THE APOSTLES got short shrift from the angel that appeared to them after Our Lord’s Ascension.

“What are you lot doing hanging around here gawping at the sky? He’ll be back eventually, just the way you’ve seen him go today. Meanwhile don’t you have work to do?”

The Bible didn’t phrase it quite like that, of course, but that just about sums up the gist of it.

We celebrate Ascension as one further event in the process of our redemption — “If I do not go, the Advocate will not come to you,” Our Lord says. Though why that had to be the case I leave to the theologians to explain. Enough for us that God decided it should be so. As was His decision that it was to be up to mankind to run his Church and so play a major part within human limitations in the salvation of the race.

Redeemed we certainly are; saved not necessarily so much! We are required to put a certain amount of effort into earning our place in heaven. After all, God Himself in the form of His Son took human form and subjected Himself to death to make expiation for the disobedience of Adam. Greater love has no man, certainly not God made Man, than to lay down His life for a race of beings that has let Him down once and shown every inclination to do so again given the chance.

So, “meet me half way” is God’s message. “At least try!”

But that does require Our Lord not be ever there, micro-managing our lives. But also, at the same time, He has promised to be with His Church “even to the end of the world”. So He removes His physical presence and replaces it with the spiritual presence of the Holy Spirit. Perhaps we are getting a little way towards understanding the meaning behind the Ascension and Pentecost.

The apostles of course were bereft.
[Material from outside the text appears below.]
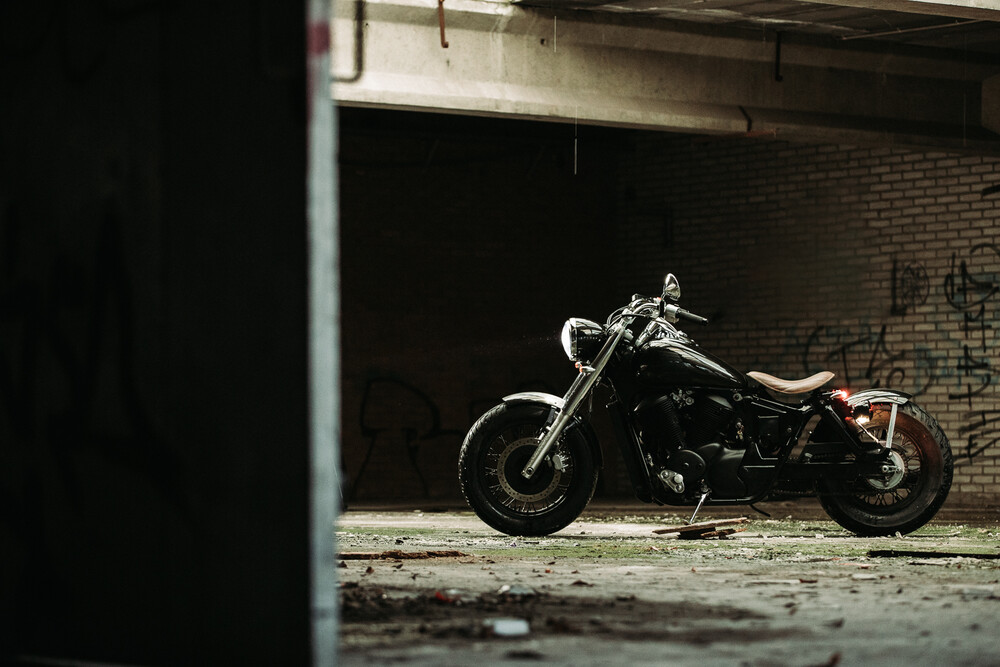 Bobber custom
Seeing the Master suffer and die the ignominious death of the cross and experiencing the shock and joy of the Resurrection they are now witnesses to his disappearing in a cloud and they know, because St John tells us in his gospel how Jesus prepared them for this moment and for what was to come, this is for keeps!

They know about “the Advocate” but they don’t know the details and for the moment they are rudderless, without guidance, without their leader, with a herculean task to perform, with no experience outside of how to catch fish or how to collect taxes, a prey to total despair, hiding away from the Jewish religious authorities, with no idea which way to turn.

Until one morning …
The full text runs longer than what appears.